Please, step up to my table and stay awhile! I have free food and handouts that are sure to pique your interest. You say those are veggies on the table? Why yes, they’re good for you. Oh, don’t say that like it’s a bad thing! “Healthy” is not a evil word. In fact, “healthy” can mean both “delicious” and “fulfilling”, as in: “This healthy food is delicious and fulfills all my body’s needs!” Yes, I know healthy food like fruits and veggies can be expensive, but let me tell you some ways to fit them into your budget.
… so, Jessie, what have you been doing for the past couple of weeks?
As part of my education to become a Registered Dietitian, my Coordinated Program incorporates supervised practice out in the community, in hospitals, and in food service settings. My current rotation is in community nutrition, which means my classmate (hey, Bri!) and I drive all over the state, setting up education tables and giving nutrition lessons. The picture above is from a table we womanned at a Farmers’ Market.
Because our community nutrition program is funded by SNAP-Ed (SNAP = Supplemental Nutrition Assistance Program, formally known as Food Stamps), we work in many low-income and disadvantaged communities in the state. Many of these communities don’t have the resources or knowledge to buy and prepare healthy foods – and that’s where some organizations in the community come in!
Our first placement was at Freshplace, an innovative food pantry that, instead of handing out bags of food to participants, has them choose their own foods from a warehouse set up like a grocery store. People are able to choose the foods they like (from what is available), and so will be more likely to eat it.
Our education table:
Something I learned from Freshplace’s food source, Foodshare, is that food pantries find donations of money MUCH more useful to them than food donations, because they can buy more nutritious food in greater quantity than the food that’s donated. So, the food drives around the holidays are great, but money donations are more useful. Besides, if you didn’t want that can of sauerkraut, I don’t think the food pantry patrons will either ;)

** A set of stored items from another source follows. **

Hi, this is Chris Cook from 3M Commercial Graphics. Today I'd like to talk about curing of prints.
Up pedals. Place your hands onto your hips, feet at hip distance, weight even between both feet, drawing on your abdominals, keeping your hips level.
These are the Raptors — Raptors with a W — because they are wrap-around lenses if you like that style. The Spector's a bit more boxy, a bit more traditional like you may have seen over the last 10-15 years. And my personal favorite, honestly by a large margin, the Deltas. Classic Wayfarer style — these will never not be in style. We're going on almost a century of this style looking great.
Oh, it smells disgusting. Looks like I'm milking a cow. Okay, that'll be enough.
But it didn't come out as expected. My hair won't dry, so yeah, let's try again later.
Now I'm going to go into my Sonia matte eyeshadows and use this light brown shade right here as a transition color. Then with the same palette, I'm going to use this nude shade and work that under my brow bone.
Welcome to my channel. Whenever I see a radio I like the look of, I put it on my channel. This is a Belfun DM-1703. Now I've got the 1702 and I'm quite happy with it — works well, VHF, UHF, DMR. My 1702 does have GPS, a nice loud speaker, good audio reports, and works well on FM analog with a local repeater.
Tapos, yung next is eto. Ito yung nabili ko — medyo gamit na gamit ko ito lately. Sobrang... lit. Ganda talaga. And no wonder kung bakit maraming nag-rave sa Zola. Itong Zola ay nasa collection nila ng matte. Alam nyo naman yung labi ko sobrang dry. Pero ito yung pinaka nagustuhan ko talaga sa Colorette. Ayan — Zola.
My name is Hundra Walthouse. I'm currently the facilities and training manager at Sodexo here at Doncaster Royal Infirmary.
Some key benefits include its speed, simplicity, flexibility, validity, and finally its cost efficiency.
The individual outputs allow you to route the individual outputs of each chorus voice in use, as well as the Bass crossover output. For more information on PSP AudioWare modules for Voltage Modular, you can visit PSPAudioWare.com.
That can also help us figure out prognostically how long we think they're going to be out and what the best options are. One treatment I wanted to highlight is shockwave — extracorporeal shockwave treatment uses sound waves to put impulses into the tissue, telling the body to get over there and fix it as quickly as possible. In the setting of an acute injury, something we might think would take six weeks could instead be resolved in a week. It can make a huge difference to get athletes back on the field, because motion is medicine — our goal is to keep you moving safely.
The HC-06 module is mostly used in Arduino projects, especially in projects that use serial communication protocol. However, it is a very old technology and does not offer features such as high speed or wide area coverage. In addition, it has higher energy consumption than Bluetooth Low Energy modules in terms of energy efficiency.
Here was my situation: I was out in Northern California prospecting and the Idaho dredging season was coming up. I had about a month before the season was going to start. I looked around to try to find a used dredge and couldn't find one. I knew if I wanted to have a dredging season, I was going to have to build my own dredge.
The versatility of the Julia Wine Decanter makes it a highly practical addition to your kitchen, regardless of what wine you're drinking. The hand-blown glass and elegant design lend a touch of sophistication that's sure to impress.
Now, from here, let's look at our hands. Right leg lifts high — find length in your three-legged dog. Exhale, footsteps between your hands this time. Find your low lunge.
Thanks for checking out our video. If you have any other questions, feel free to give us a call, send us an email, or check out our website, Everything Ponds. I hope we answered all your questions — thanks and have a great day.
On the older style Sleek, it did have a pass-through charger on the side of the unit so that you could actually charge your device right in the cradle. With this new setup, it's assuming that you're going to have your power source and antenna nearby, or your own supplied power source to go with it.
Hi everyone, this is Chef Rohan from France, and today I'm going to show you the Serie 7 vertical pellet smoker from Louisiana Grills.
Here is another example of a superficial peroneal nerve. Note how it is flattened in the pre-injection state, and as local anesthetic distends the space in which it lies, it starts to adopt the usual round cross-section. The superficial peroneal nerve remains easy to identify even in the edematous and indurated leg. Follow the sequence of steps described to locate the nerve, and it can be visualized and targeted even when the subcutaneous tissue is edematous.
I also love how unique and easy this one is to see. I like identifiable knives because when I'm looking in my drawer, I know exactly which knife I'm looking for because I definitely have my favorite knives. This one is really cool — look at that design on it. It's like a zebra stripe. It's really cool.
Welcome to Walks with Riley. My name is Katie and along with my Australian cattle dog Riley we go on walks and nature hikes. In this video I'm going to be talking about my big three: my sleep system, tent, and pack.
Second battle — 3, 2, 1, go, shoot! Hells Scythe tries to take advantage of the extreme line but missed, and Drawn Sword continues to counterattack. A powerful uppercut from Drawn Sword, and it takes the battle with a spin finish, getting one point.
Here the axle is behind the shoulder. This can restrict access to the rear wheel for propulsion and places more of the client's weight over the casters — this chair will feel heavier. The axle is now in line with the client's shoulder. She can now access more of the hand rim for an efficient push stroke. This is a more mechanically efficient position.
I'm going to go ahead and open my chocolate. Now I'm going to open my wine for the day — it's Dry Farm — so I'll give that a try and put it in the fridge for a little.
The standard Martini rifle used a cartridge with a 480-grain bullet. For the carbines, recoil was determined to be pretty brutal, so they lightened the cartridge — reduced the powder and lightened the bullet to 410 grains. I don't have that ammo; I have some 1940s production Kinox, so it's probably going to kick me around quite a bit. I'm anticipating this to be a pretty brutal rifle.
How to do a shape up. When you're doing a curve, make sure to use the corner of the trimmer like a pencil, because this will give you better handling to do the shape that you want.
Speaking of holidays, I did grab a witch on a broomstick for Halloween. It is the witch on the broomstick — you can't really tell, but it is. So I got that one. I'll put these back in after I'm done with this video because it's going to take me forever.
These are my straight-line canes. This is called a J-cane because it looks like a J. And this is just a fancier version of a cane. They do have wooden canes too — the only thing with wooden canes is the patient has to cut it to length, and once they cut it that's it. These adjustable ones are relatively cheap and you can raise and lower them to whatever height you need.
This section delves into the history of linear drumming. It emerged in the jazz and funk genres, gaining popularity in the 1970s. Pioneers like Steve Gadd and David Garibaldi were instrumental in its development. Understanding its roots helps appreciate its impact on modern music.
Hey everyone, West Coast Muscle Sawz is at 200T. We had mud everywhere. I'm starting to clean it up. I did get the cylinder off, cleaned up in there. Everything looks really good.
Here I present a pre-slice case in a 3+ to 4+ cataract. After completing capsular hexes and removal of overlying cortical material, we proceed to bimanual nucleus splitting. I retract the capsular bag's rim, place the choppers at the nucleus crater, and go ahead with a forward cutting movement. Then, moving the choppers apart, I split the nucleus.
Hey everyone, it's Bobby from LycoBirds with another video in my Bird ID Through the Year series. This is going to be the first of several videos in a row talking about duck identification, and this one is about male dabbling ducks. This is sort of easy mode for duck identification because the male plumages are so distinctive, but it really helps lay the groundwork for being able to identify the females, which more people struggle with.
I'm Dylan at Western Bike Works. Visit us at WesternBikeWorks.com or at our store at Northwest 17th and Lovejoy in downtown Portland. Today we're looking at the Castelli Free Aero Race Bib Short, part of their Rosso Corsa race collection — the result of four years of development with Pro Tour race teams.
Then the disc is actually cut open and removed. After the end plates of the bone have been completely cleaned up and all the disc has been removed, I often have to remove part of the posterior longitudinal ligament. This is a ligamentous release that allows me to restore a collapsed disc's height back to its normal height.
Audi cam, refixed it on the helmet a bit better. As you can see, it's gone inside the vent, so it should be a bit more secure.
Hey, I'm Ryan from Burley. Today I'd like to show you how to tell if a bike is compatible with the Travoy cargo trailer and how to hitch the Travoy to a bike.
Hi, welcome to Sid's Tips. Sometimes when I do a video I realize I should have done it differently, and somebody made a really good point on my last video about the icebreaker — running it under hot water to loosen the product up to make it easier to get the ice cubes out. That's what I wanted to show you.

A few more pictures from community nutrition:
If you drank two 12-oz regular sodas every day for a month, this oversize “can” is how much soda you would drink. The sack next to the can is the FIVE POUNDS of sugar you would have consumed during that time.
A display showing how much sugar is in different foods (people get a kick out of this one). The two test tubes on the right show how much sugar is in a 12-oz fruit punch. Those test tubes are heavy.
Teaching elementary school kids about healthy eating and physical activity:
How about a little MyPyramid action?
Many of the people we encountered have to do without as many fresh foods as we’re accustomed to, instead relying on canned and packaged foods (which can be notoriously high in calories and low in nutrients). They may not know what to do with them. For instance, they might pick up a can of salmon at the food pantry and wonder: “What now?”
While canned salmon is not as visually or texturally satisfying as fresh salmon, it does offer a much needed hit of nutrients to low-income families, including healthy fats, calcium, and protein. I decided to try making the easiest, cheapest, and tastiest recipe I could, and I hope I can share this recipe with other families I meet in community nutrition. I’ve included the prices so that I can see how much this recipe costs (assuming items like mayo and yogurt are bought in large quantities).
Salmon Burgers on a Budget
1 14.5 oz. canned salmon (tuna and other canned meat would work as well, and probably lower the cost) – $4 (on sale)
1 egg – $0.25
1/4 cup bread crumbs – $0.13
4 whole grain hamburger buns or 8 slices whole grain bread – $1.50
1 tsp mayo – $0.02
1/4 cup nonfat yogurt – $0.11
1 clove garlic – $0.06
Pinch salt – $0.01
My sis Courtney grew this garlic herself. Nice.
I started by mashing the garlic in our molcajete with the salt, then added the mayo and yogurt and mixed. Let sit in the fridge while making the burgers to allow the flavors to meld.
For the burgers: mix salmon, egg, and breadcrumbs and form into four patties. Cook in nonstick skillet over medium-high heat for about 5 minutes per side, or until egg is cooked and outside is crispy. Add sauce and enjoy.
Total cost = $6.08, cost per serving = $1.52. The cost of this recipe is a little higher than most of the recipes that we give out in the community, but the burgers provide whole grains, healthy fats, calcium, and many vitamins and micronutrients in the accompanying salad (56 cents per serving).
Q: What’s your favorite “budget” meal? Do you have a local food pantry?